SOURCE DATA:

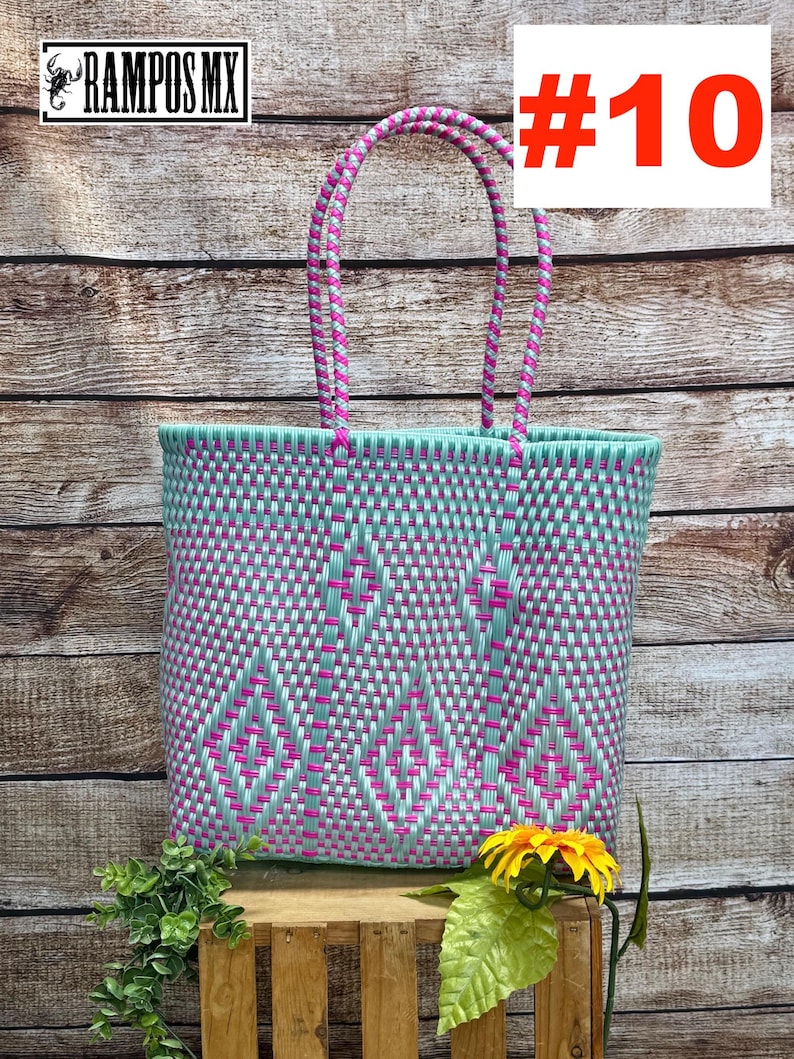 May include: A woven tote bag featuring a mint green and hot pink geometric diamond pattern with two matching braided handles. The bag displays the text RAMPOS MX and the number #10 in the upper corners of the image.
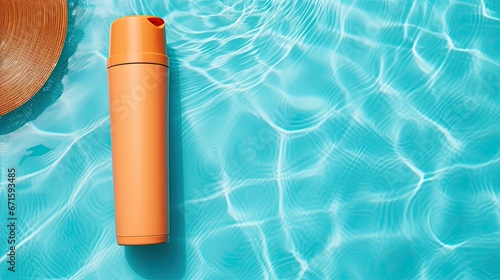 Orange tube with suntan lotion, cosmetic face cream or hand cream, shower gel, shampoo against the background of blue turquoise water with waves from the swimming pool. Body, Hair Skin care nature con
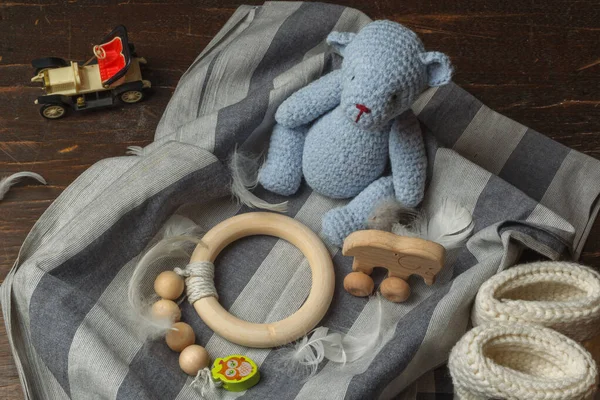 Boîte hygge pour nouveau-né, ours en tricot bleu, courroie de dentition en bois naturel, chaussons en tricot blanc. Un cadeau pour un enfant dans une boîte. — Photo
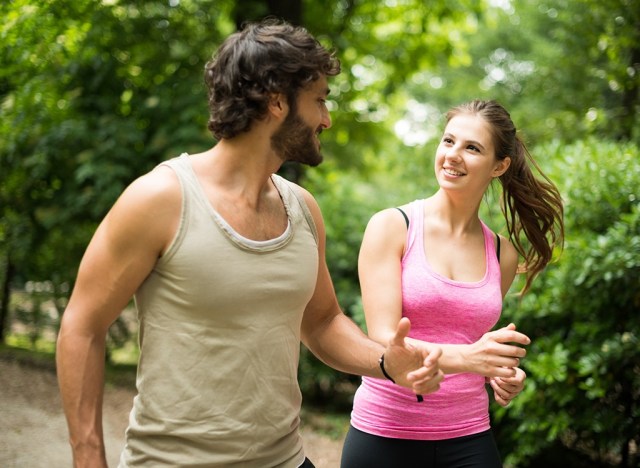 what occurs to your physique when you stroll each day 29 couple walking in park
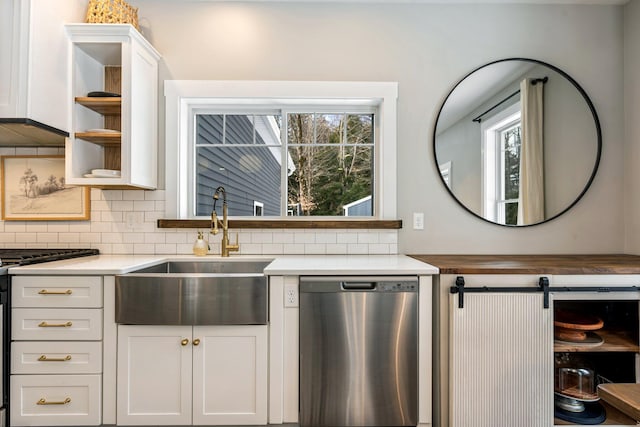 kitchen featuring a sink, backsplash, dishwasher, light countertops, and open shelves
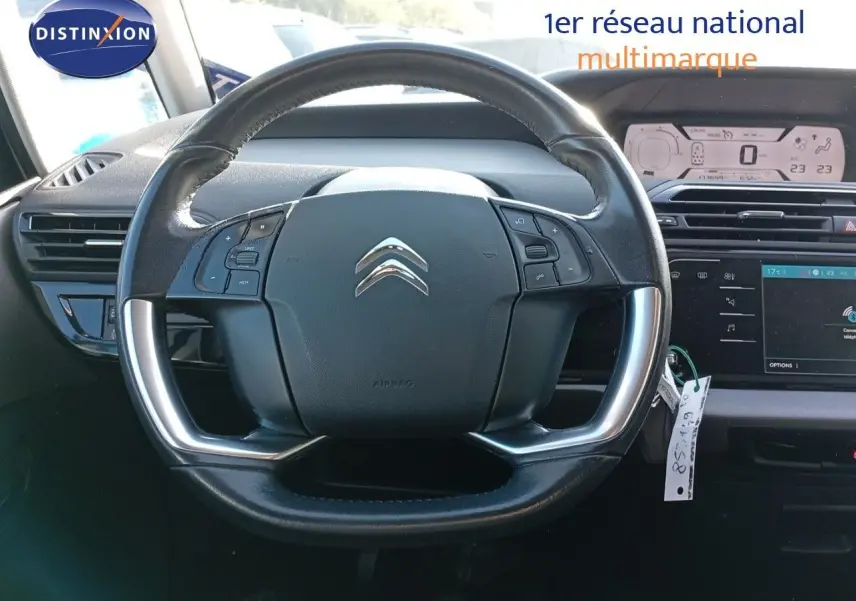 Volant cuir noir avec commandes intégrées du Citroën Grand C4 Picasso II Diesel, vue frontale de l'habitacle.
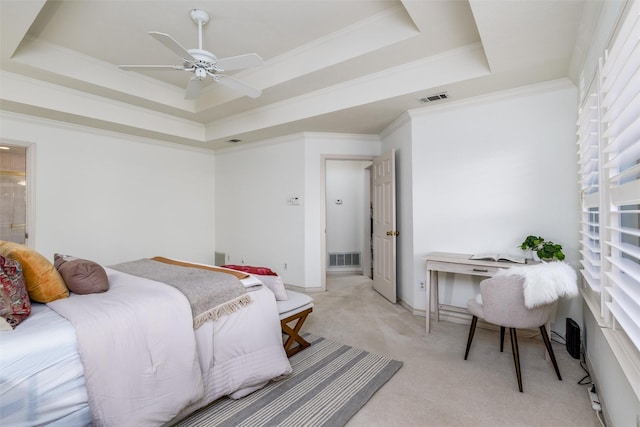 bedroom featuring ensuite bathroom, ceiling fan, a tray ceiling, ornamental molding, and light carpet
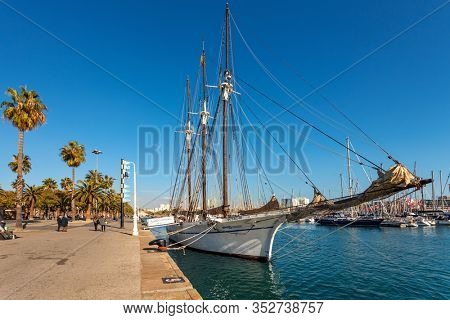BARCELONA, SPAIN - JANUARY 13, 2015: Promenade and Santa Eulalia - three-masted schooner built in 1918 under the name Carmen Flores. It was bought and renamed by Maritime Museum of Barcelona in 1997.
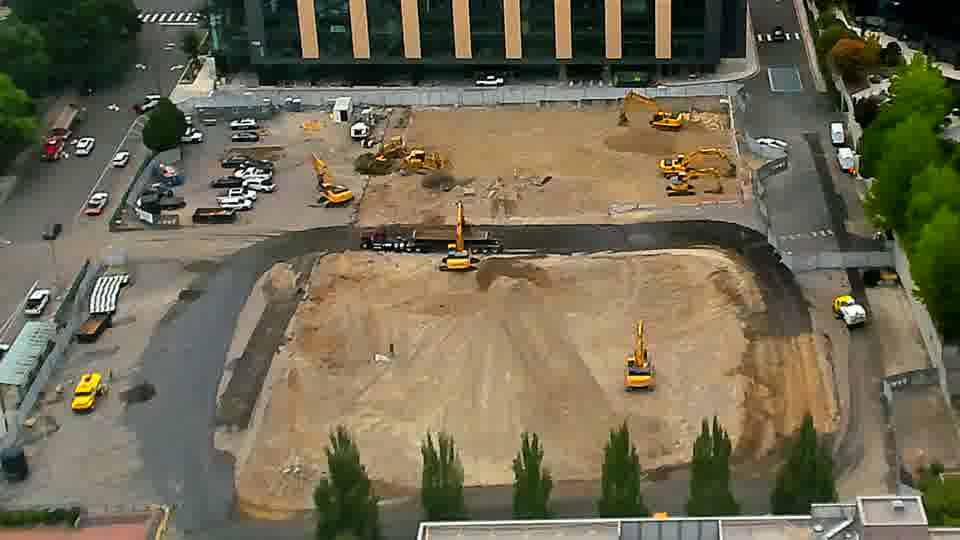 A single excavator has shifted its position slightly toward the center of the work area.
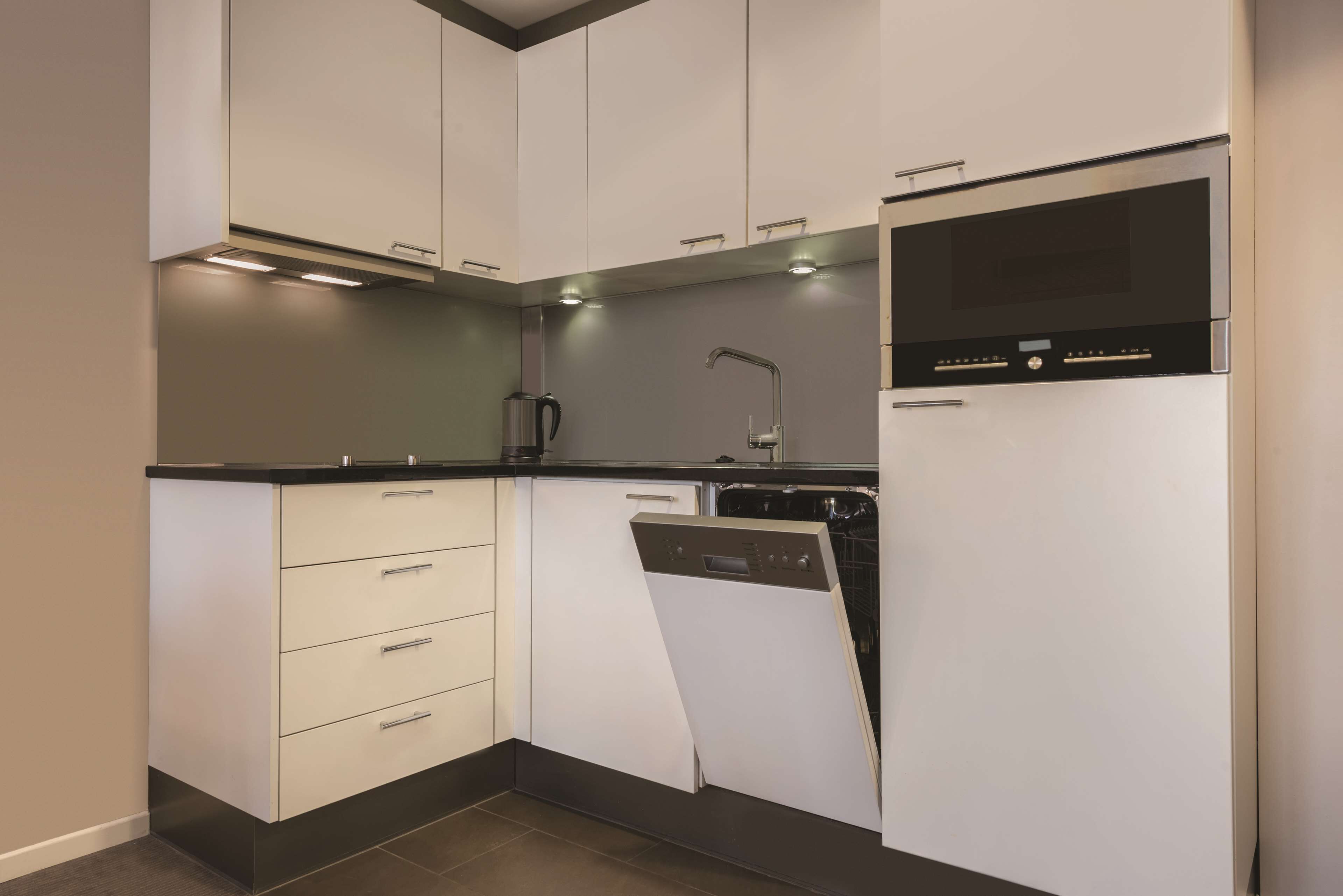 A modern kitchen with white cabinetry, a built-in dishwasher, and a stainless steel oven.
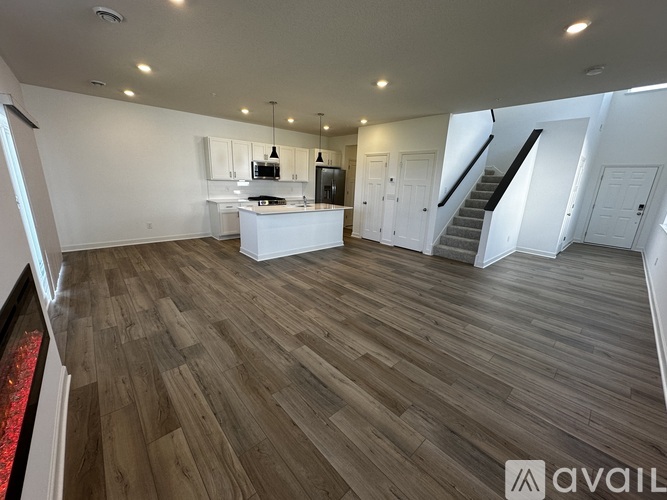 A spacious room with wooden flooring and a staircase.
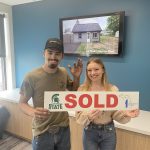 A couple holding a sold sign
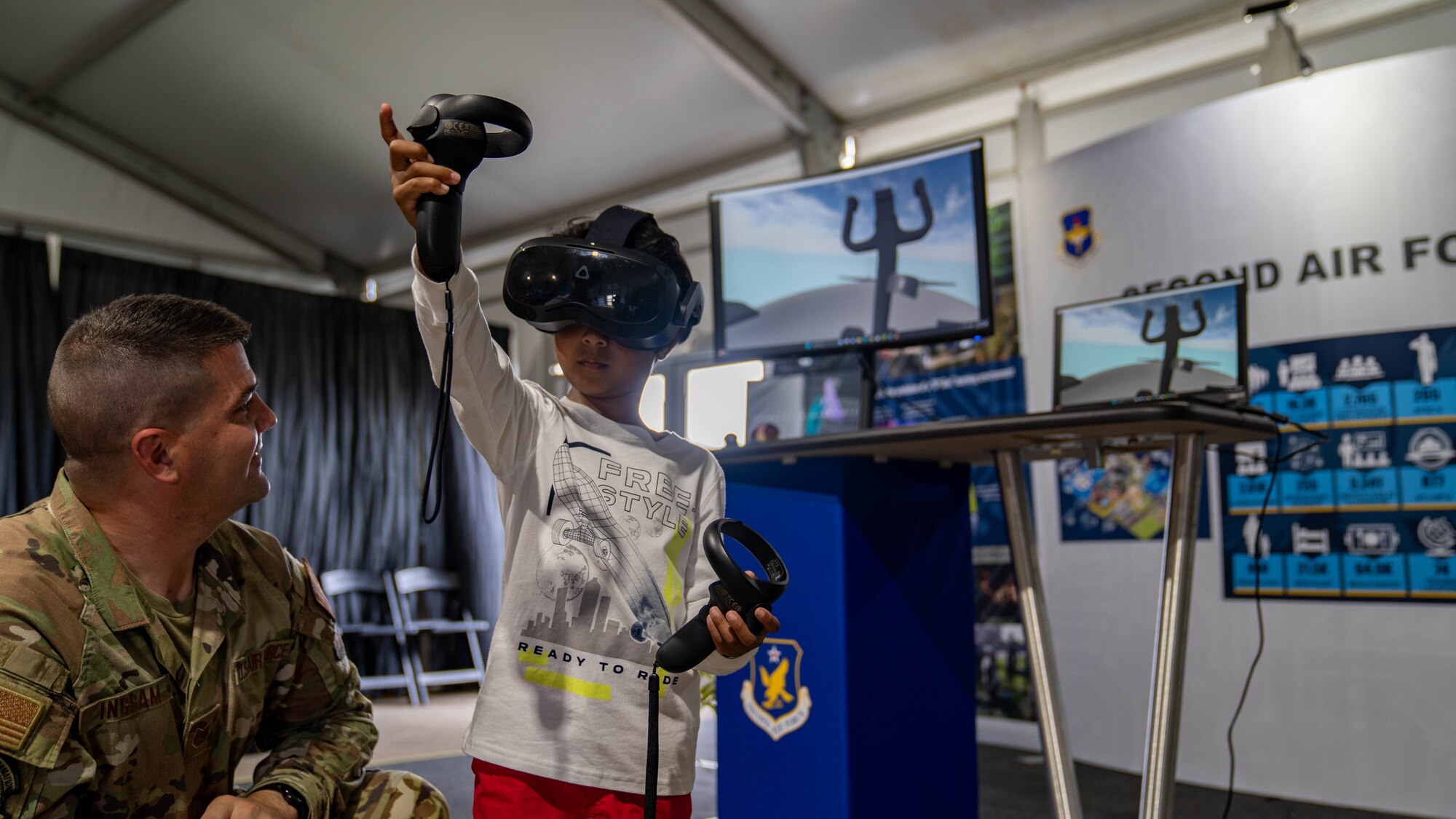 Tech. Sgt. Kyle Ingram, 82nd Training Wing learning engineer, displays virtual reality crew chief training at Experimental Aircraft Association Oshkosh AirVenture in Oshkosh, Wisconsin, July 27.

AIM OF THE TASK:
Omit each image and transcribe the remaining records word for word.

RESULT OF THE TASK:
 May include: A woven tote bag featuring a mint green and hot pink geometric diamond pattern with two matching braided handles. The bag displays the text RAMPOS MX and the number #10 in the upper corners of the image.
 Orange tube with suntan lotion, cosmetic face cream or hand cream, shower gel, shampoo against the background of blue turquoise water with waves from the swimming pool. Body, Hair Skin care nature con
 Boîte hygge pour nouveau-né, ours en tricot bleu, courroie de dentition en bois naturel, chaussons en tricot blanc. Un cadeau pour un enfant dans une boîte. — Photo
 what occurs to your physique when you stroll each day 29 couple walking in park
 kitchen featuring a sink, backsplash, dishwasher, light countertops, and open shelves
 Volant cuir noir avec commandes intégrées du Citroën Grand C4 Picasso II Diesel, vue frontale de l'habitacle.
 bedroom featuring ensuite bathroom, ceiling fan, a tray ceiling, ornamental molding, and light carpet
BARCELONA, SPAIN - JANUARY 13, 2015: Promenade and Santa Eulalia - three-masted schooner built in 1918 under the name Carmen Flores. It was bought and renamed by Maritime Museum of Barcelona in 1997.
 A single excavator has shifted its position slightly toward the center of the work area.
 A modern kitchen with white cabinetry, a built-in dishwasher, and a stainless steel oven.
 A spacious room with wooden flooring and a staircase.
 A couple holding a sold sign
 Tech. Sgt. Kyle Ingram, 82nd Training Wing learning engineer, displays virtual reality crew chief training at Experimental Aircraft Association Oshkosh AirVenture in Oshkosh, Wisconsin, July 27.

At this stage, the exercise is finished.